(YOUR GOAL)
Every line below must come back exactly as it stands, with the images omitted.

(DATA EXTRACT)
<<<<

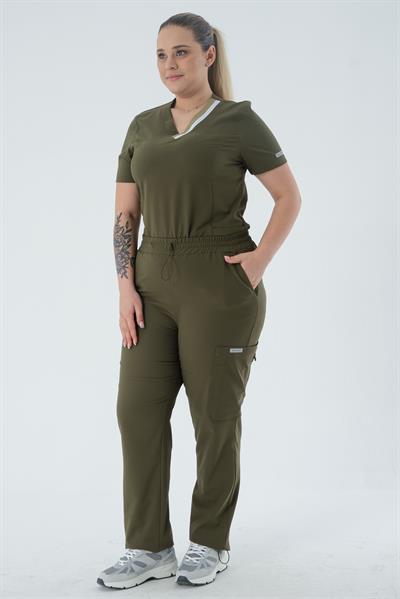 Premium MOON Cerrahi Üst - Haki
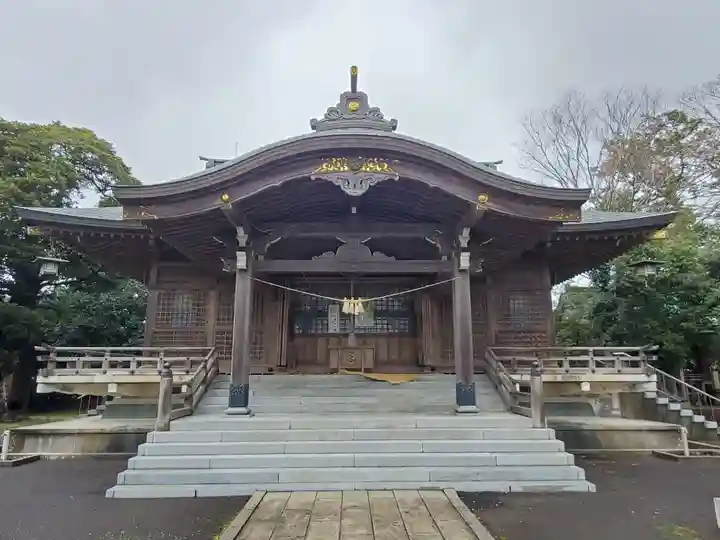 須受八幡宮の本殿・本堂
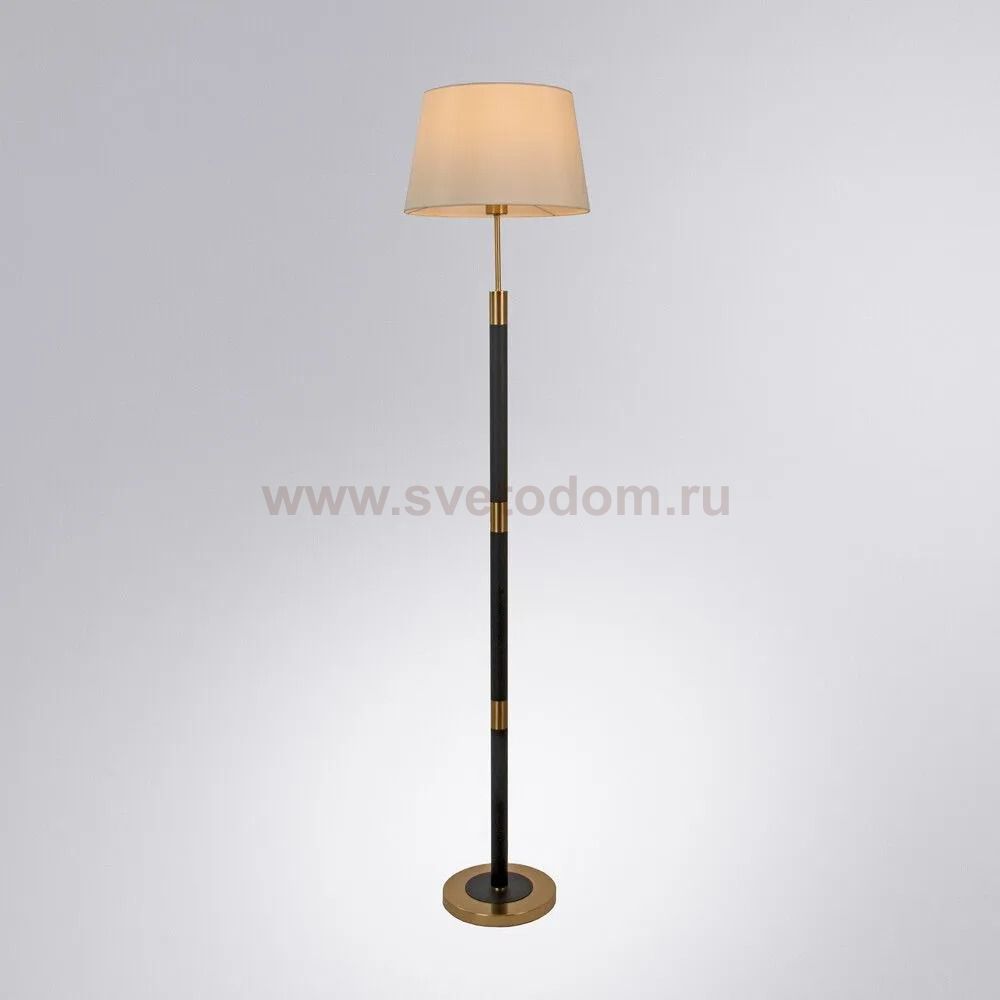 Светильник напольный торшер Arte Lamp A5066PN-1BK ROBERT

>>>>

(EXERCISE RESPONSE)
 Premium MOON Cerrahi Üst - Haki
 須受八幡宮の本殿・本堂
 Светильник напольный торшер Arte Lamp A5066PN-1BK ROBERT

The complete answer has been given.